Cuts proposed for the Minnesota Department of Revenue in House and Senate GOP budget plans could prompt tax refunds to be delayed by “months” in future years, the department’s top official warned last week.
Revenue chief Cynthia Bauerly criticized the plans passed in both chambers of the Legislature, saying that they’d force her department to cut up to 200 workers and make it harder for the state to collect taxes and fight tax fraud.
DFL Gov. Mark Dayton’s budget plan for the next two years calls for a $20 million boost for the Department of Revenue from its current funding level. But Republicans, aiming to cut costs from what they see as a bloated department budget, would make significant cuts: a $12 million drop from current funding in the House bill, and an $11 million decrease in the Senate bill.
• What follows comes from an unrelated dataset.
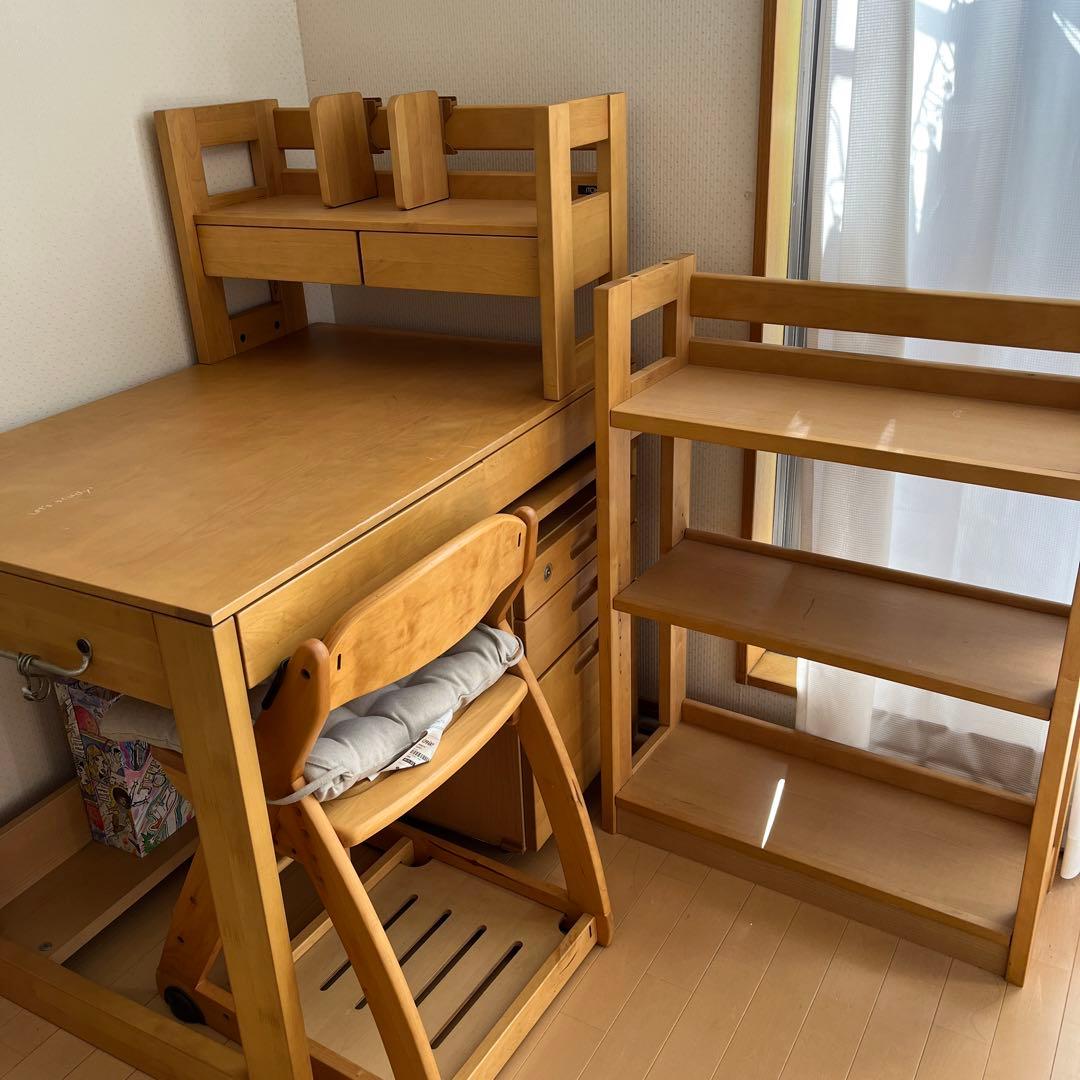 イトーキ学習机　勉強机　本棚付き　ライト付き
Bauerly said the GOP proposals would restrict her department’s ability to keep up with demand for faster service from a growing population.
“We are hearing from taxpayers that they want refunds faster … there is a growing demand for customer services, and unfortunately these bills would mean a reduction in those services,” she said.
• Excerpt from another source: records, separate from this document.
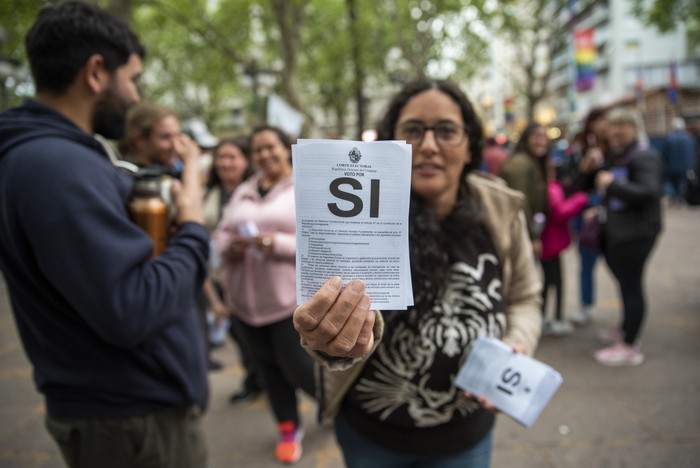 Militantes del Sí a la reforma de la seguridad social. · Foto: Martín Varela Umpiérrez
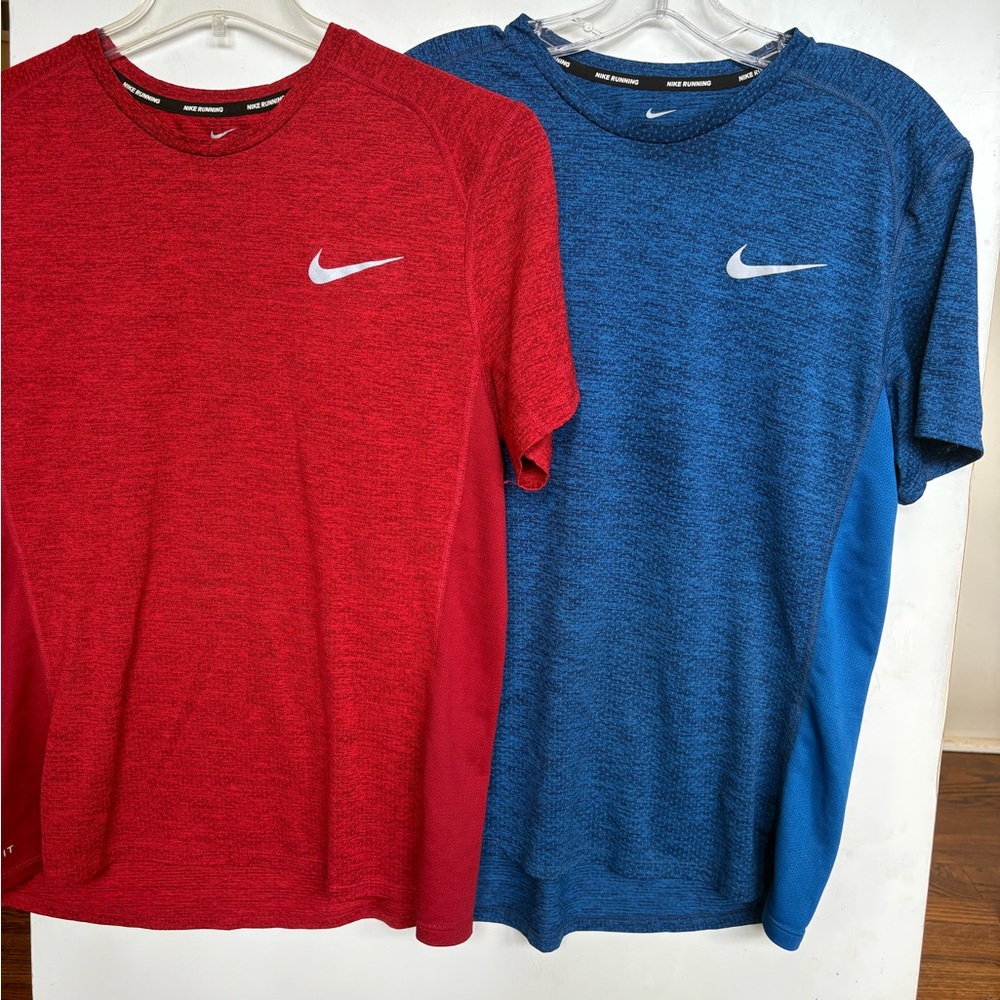 Nike Running (lot of 2) red and blue shirt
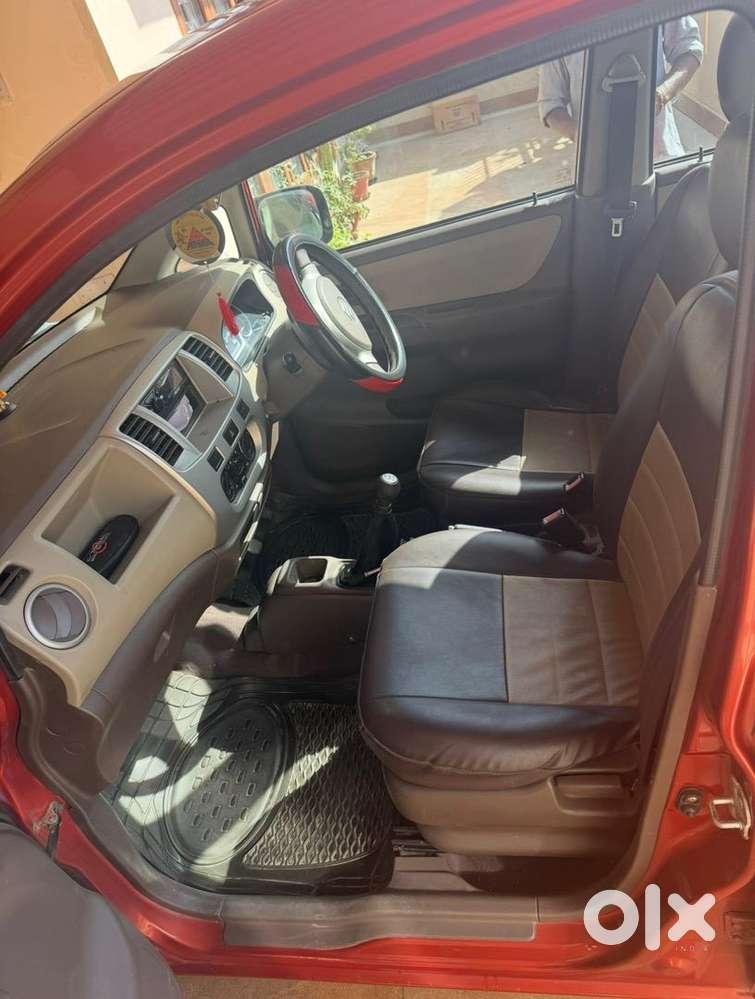 Used Very Well Maintained Maruti Suzuki 2011 Petrol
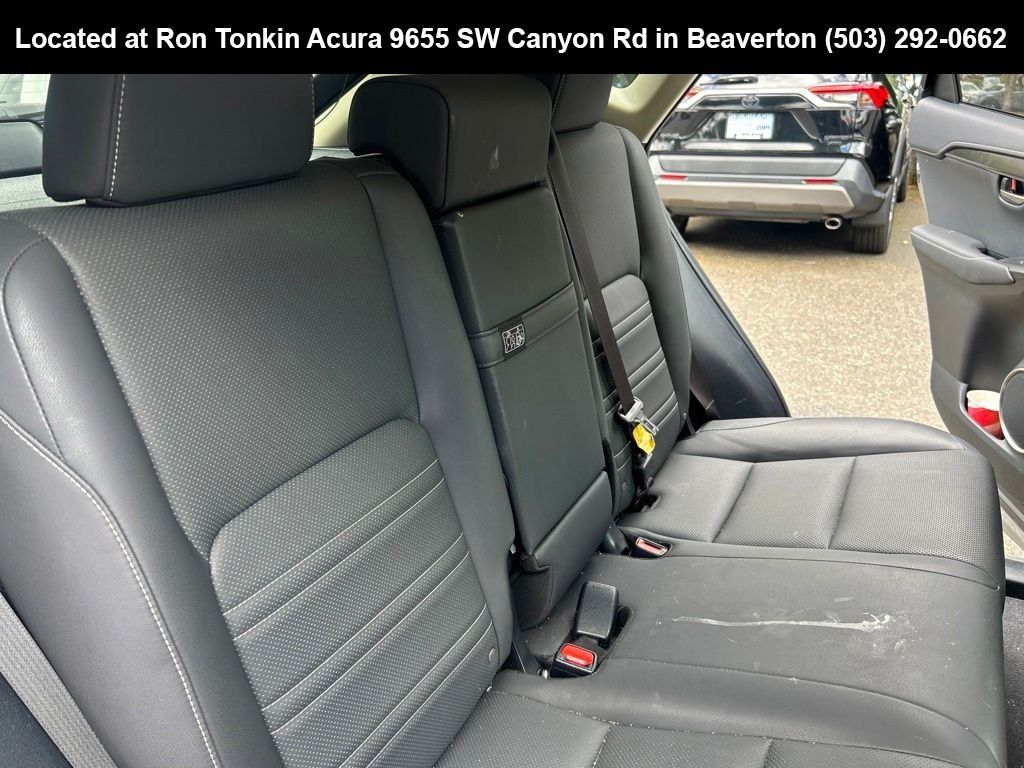 Used 2019 Atomic Silver Lexus 300h image 13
Bauerly took particular issue with the House budget, which also mandates that the state create a free online filing system for tax returns by 2018 — something the commissioner estimates will cost more than $22 million.
But Republicans, including Rep. Sarah Anderson, R-Plymouth, disagree with those calculations. Anderson, the chairwoman of the House State Government Finance Committee, said the free filing system plan is modeled on one used in California, where the state “did not spend a single penny on it.”
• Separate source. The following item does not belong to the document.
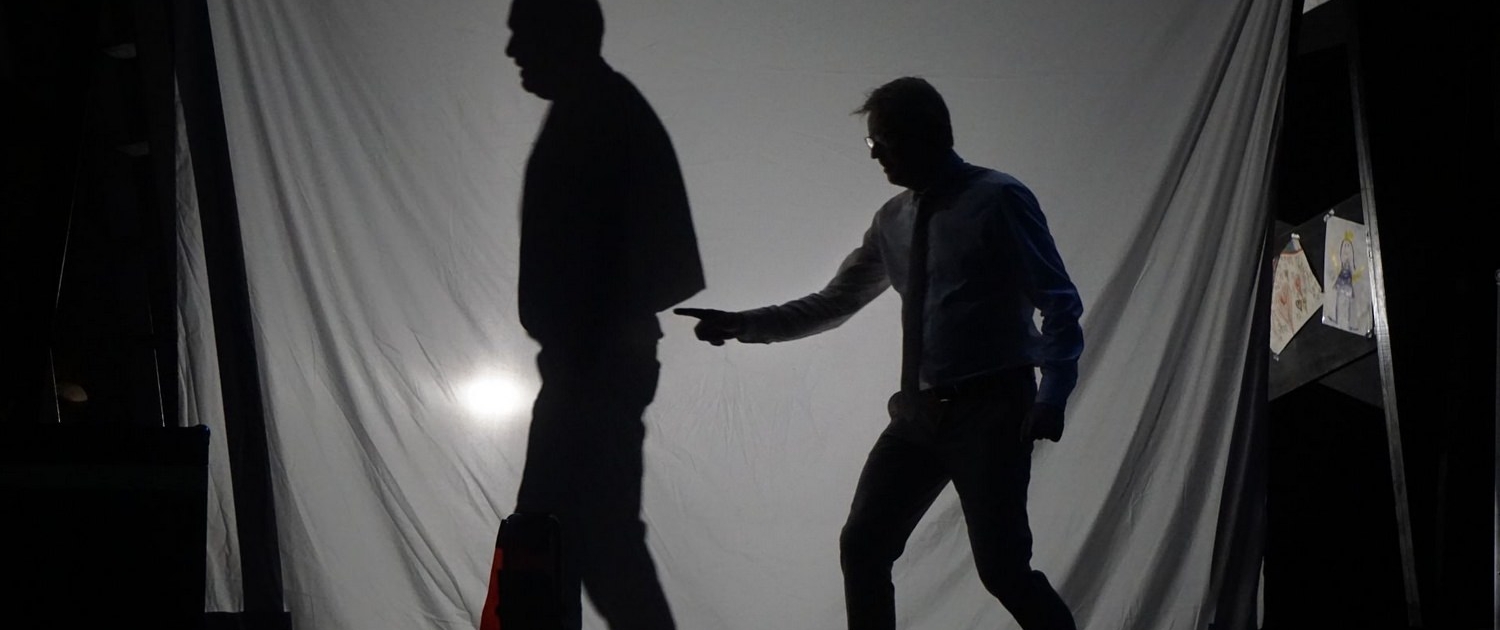 Achtsam Morden, Komödie im bayr. Hof München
Anderson said the Department of Revenue budget has grown by about $30 million in the three budget cycles. Under Dayton’s plan, the budget would grow by 12 percent over the current two-year cycle. The current biennial budget provides about $303 million for the department. Anderson said Bauerly’s concerns amounted to “Chicken Little crying that the sky is falling.”
“I think it’s a little overly dramatic, and what she’s saying is not truly the actual result of these reductions, which are minimal, if you consider that her budget has grown by $30 million in the last six years,” she said.
Bauerly said things are running smoothly in the current tax season. By April 10, about a week before the tax-filing deadline, her department had processed 88 percent of the approximately 2 million returns already filed.